Dear Brothers and Sisters,

In the next weeks leading to All Saints Day, I will be dedicating my Pastor’s Letters to some teaching about the sacraments of our church. Even the most informed of Catholics do well to refresh their understanding of the church’s teaching in these important subjects, so if you already know all this, refresh your knowledge. If you’re a bit rusty, sharpen your knowledge. If you’re in the dark enlighten your knowledge!

The word “sacrament” comes from the oath or covenant of loyalty and commitment made by Roman soldiers. It indicated a commitment on both sides and was sealed by a solemn ceremony. The word is also derived from the Latin word “sacra” meaning sacred or holy. This is the Latin form of the Greek word “Mysterion” or mystery. This is why we often refer to the sacraments as “these holy mysteries.”

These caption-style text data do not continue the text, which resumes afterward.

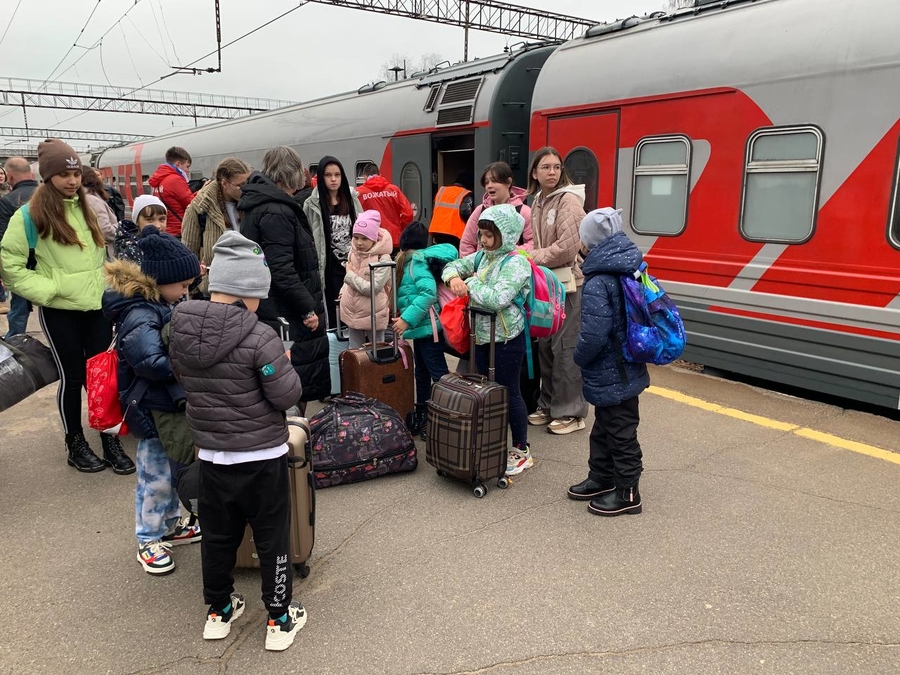 Вырица встретила детей из Белгородской области 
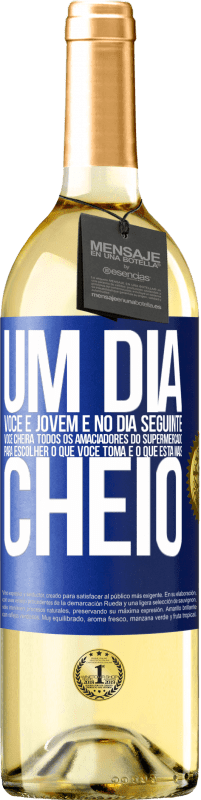 29,95 € Envio grátis | Vinho branco Edição WHITE Um dia você é jovem e no dia seguinte você cheira todos os amaciadores do supermercado para escolher o que você toma e o que Etiqueta Azul. Etiqueta personalizável Vinho jovem Colheita 2024 Verdejo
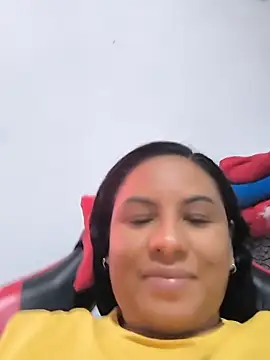 Francesca_ferrari élő XXX-chatje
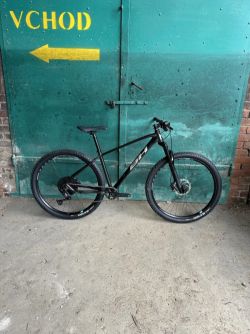 BH EXPERT (M, 29”)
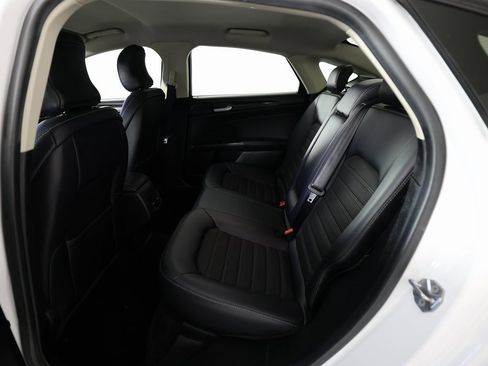 Used 2018 Ford Fusion SE w/ Equipment Group 201A image 13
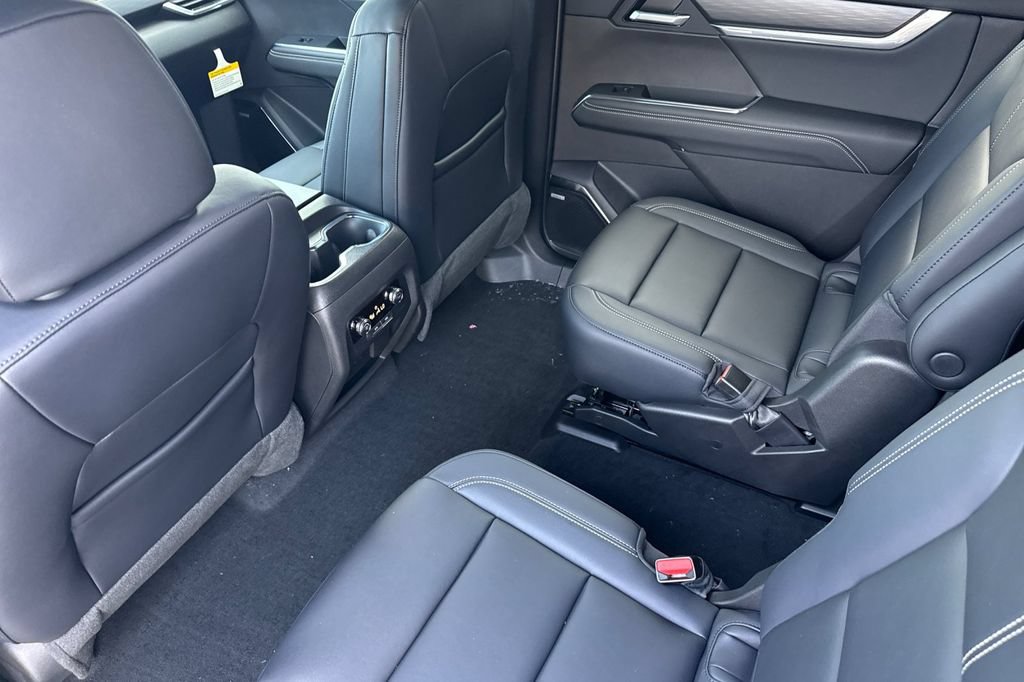 New 2027 GMC Acadia Elevation w/ Black Edition AWD/4WD image 14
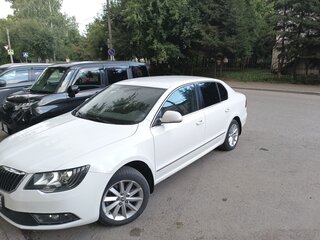2013 Skoda Superb DSG II, белый, 1390000 рублей, вид 3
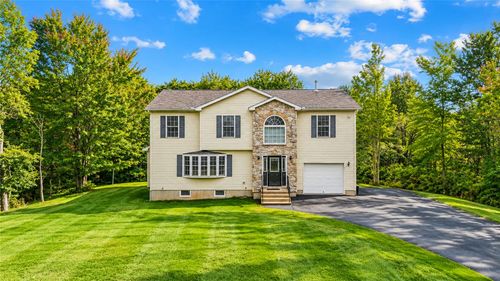 2742 Long Pond Rd, Long Pond, PA, 18334-7806 | Card Image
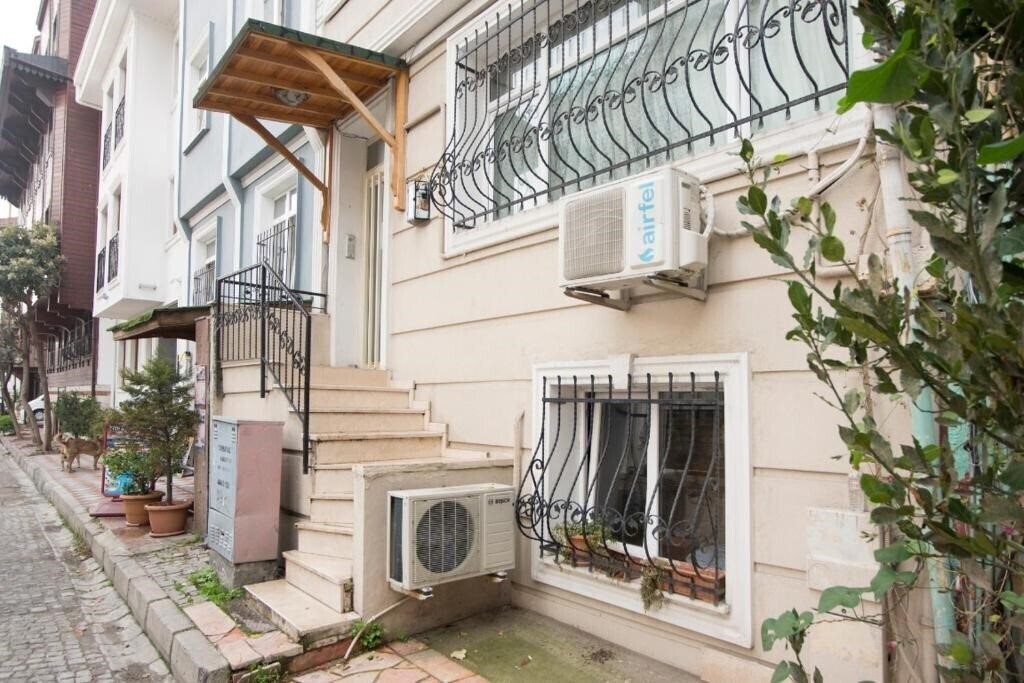 Hotel Berce Apartment & Suites 3*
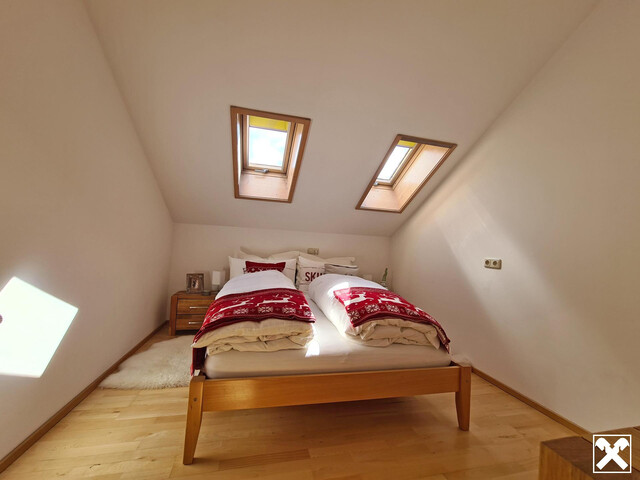 Einziehen und Wohlfühlen! Tolle Dachgeschosswohnung in Egg-Großdorf!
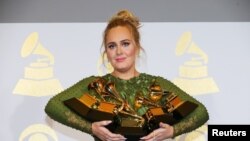 Adele la ceremonia Grammy de la Los Angeles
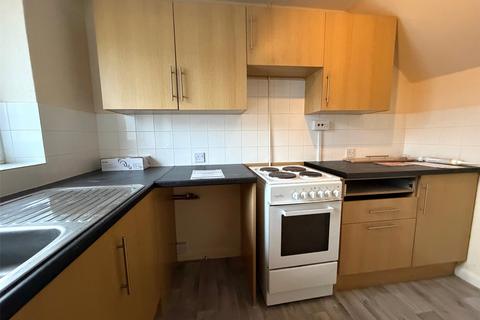 2 bedroom maisonette to rent, High Street, Oxfordshire OX28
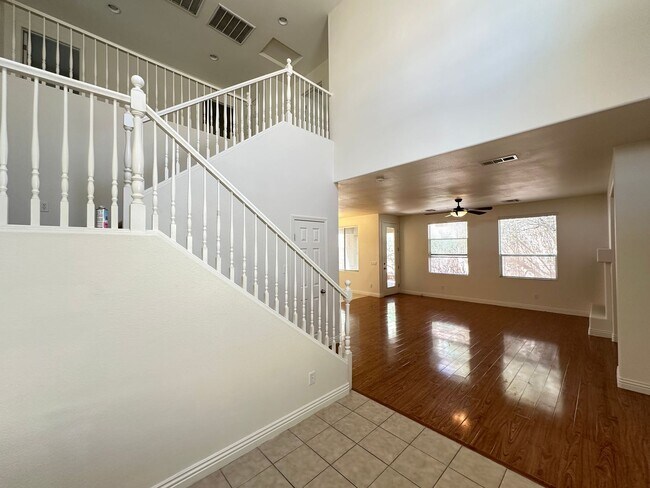 Photo - VININGS PHASE 1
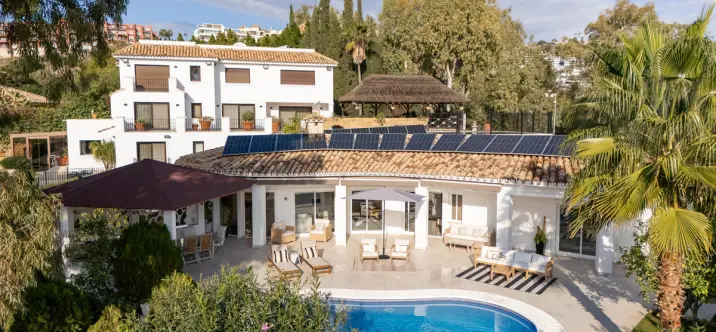 Venta de villa independiente en Benahavís 0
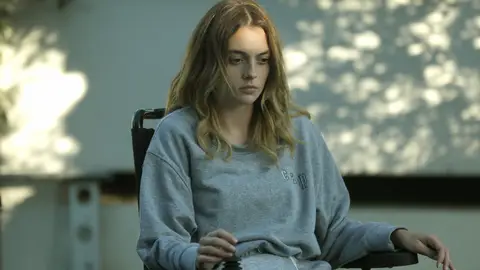 ¡Derin no puede caminar como consecuencia del accidente y Gönül cree que Asya es la culpable! Gönül no puede entender que su hermano Melih haya invitado a la boda a la doctora Asya.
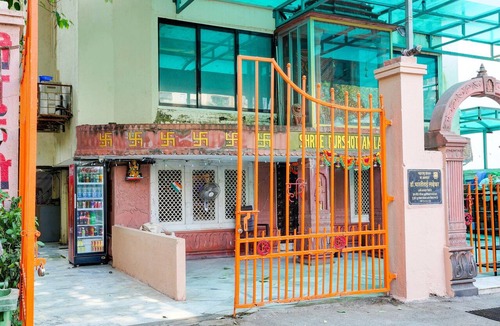 Andheri West House | Classic Hotel Lal Sai Residency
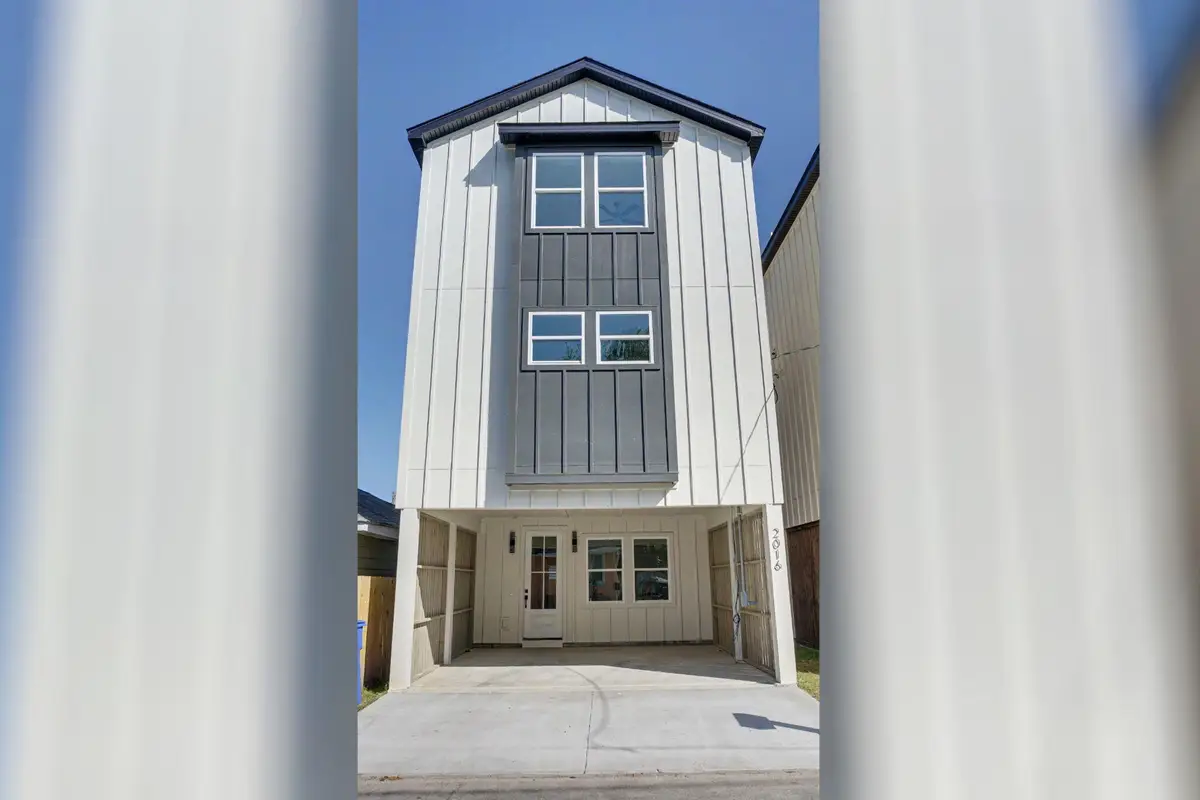2016 Comstock Avenue, North Charleston, SC 29405 - #1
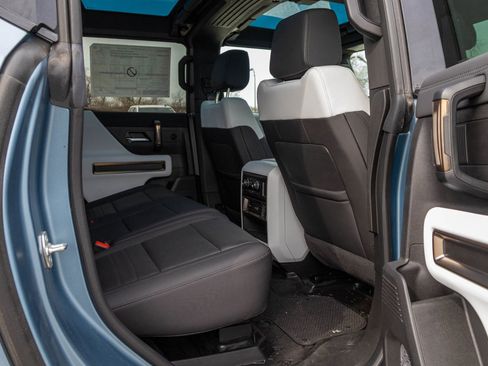 Used 2024 GMC Hummer EV 3X w/ Omega Edition AWD/4WD image 39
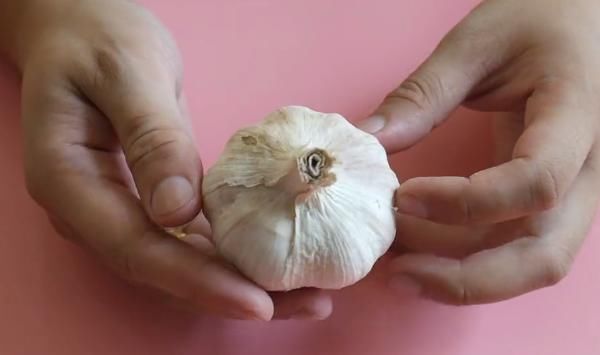 打火机|大蒜用打火机烤一下,没想到还有这个妙用,学到就是赚到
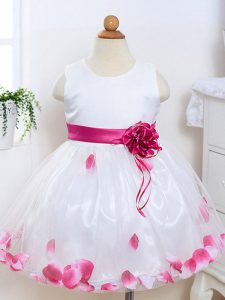 Tulle Sleeveless Knee Length Flower Girl Dress and Appliques and Hand Made Flower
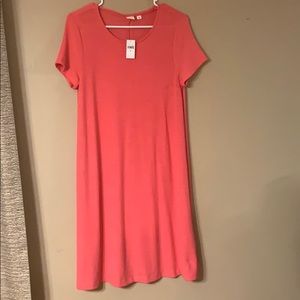 Pink short sleeve sweater dress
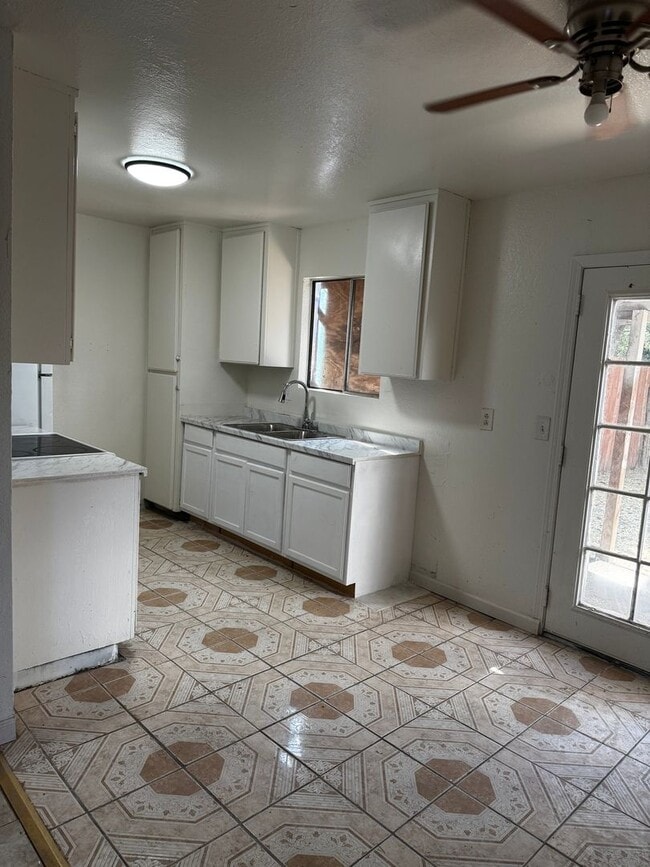 Building Photo - 6284 Porterfield Ct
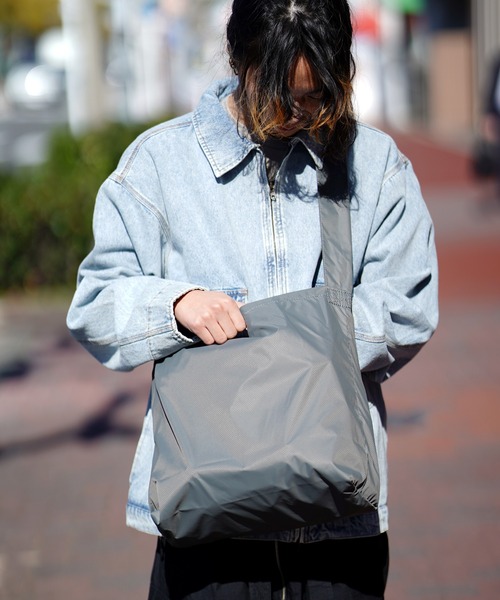 BURLAP OUTFITTER（バーラップアウトフィッター）の「BURLAP OUTFITTER バーラップアウトフィッター PACKABLE CARRY 210（ショルダーバッグ・メンズ・ブラック/ライム/グレー・FREE）」の6枚目の写真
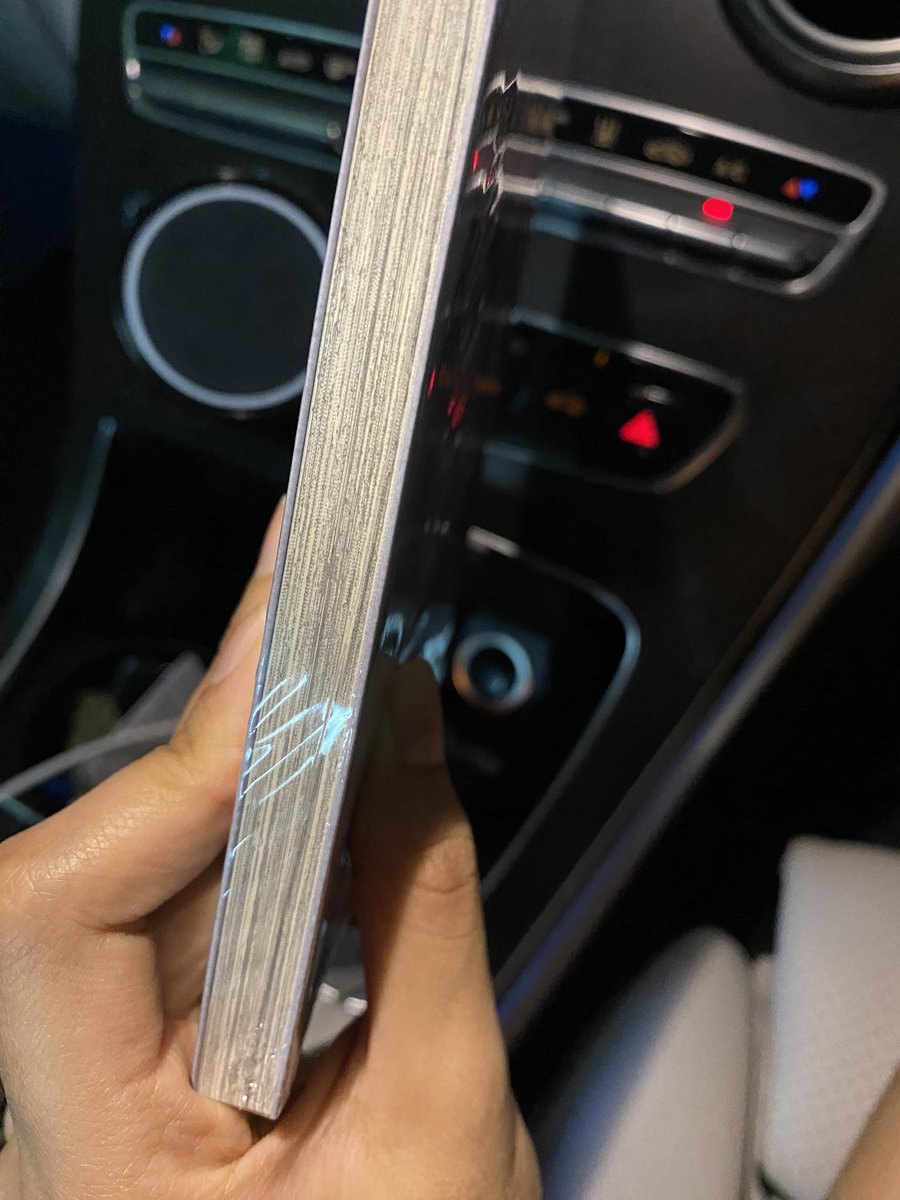 Lundhenier's tweet photo. ยุคที่นักเขียนรีดเลือดแทบตาย แต่พอจะซื้อมังงะอ่าน เล่มแค่นี้เล่มละ125 จะบ้าตาย https://t.co/bJlmvTmh90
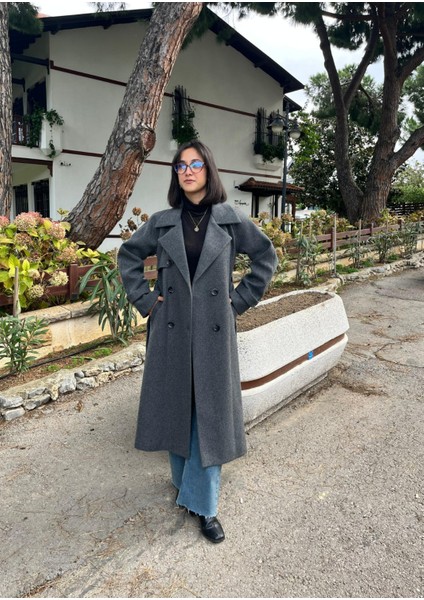 Çift Düğmeli Kemerli Kaşe Kaban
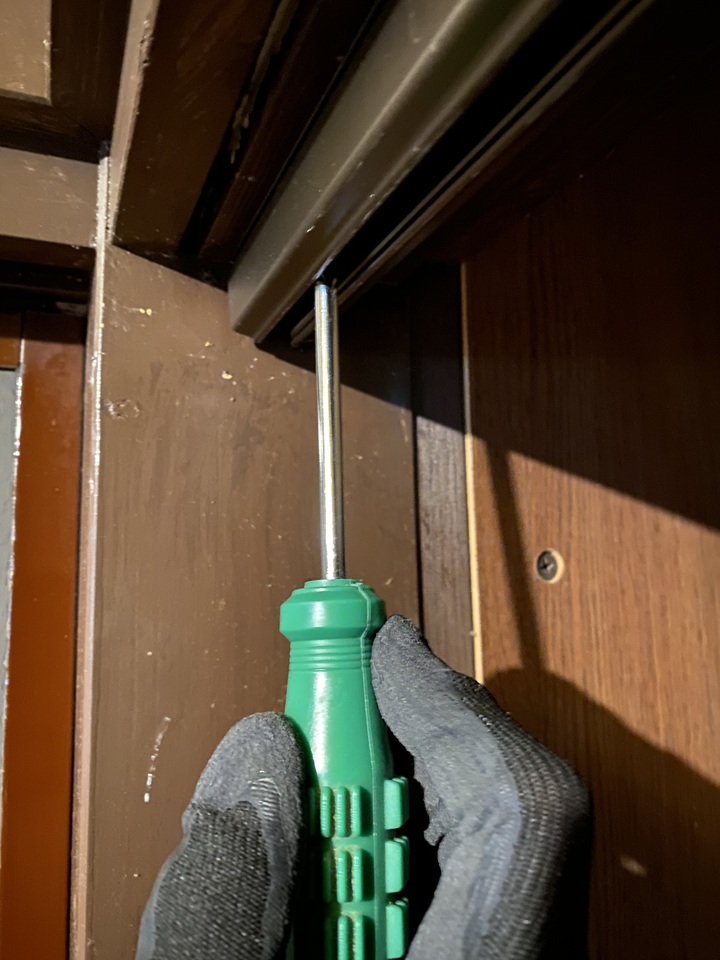 ビスでレールを固定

A mystery is something that can be experienced even if it cannot be explained. We enter into the sacramental life of the church through baptism, and baptism is the best and simplest sacrament we can use to explain a couple of basic principles about all sacraments.

For a sacrament to be effective it needs to be valid, and for it to be valid it must have a proper candidate, a proper minister, a proper form and a proper matter. The candidate is any person who has not been baptized.

The minister of baptism is anyone who does what the church intends to do. This means a lay person or even a non-Christian could validly administer baptism. Of course, a deacon or priest is the ordinary minister of baptism, but so that God’s mercy is as widely available as possible anyone (in an emergency) can baptize.

The proper form of baptism are the simple words, “I baptize you in the name of the Father, Son and Holy Spirit.” While the whole form of the baptismal service is ordinarily used, that basic formula is the minimum for a valid baptism. Most non-Catholic baptisms are therefore valid and accepted by the Catholic Church. If there is some doubt the person is conditionally baptized.

The proper matter for the sacrament of baptism is water. You can’t baptize a person by dumping sand or ashes on their head or some other silly ritual. Water is necessary or it’s not baptism.

This is the first of the three sacraments of initiation. Baptism washes away original sin and restores the person to God’s grace and favor. It is, however, the first step in the person’s walk with God, and the other six sacraments are given to help the soul continue on their journey of faith.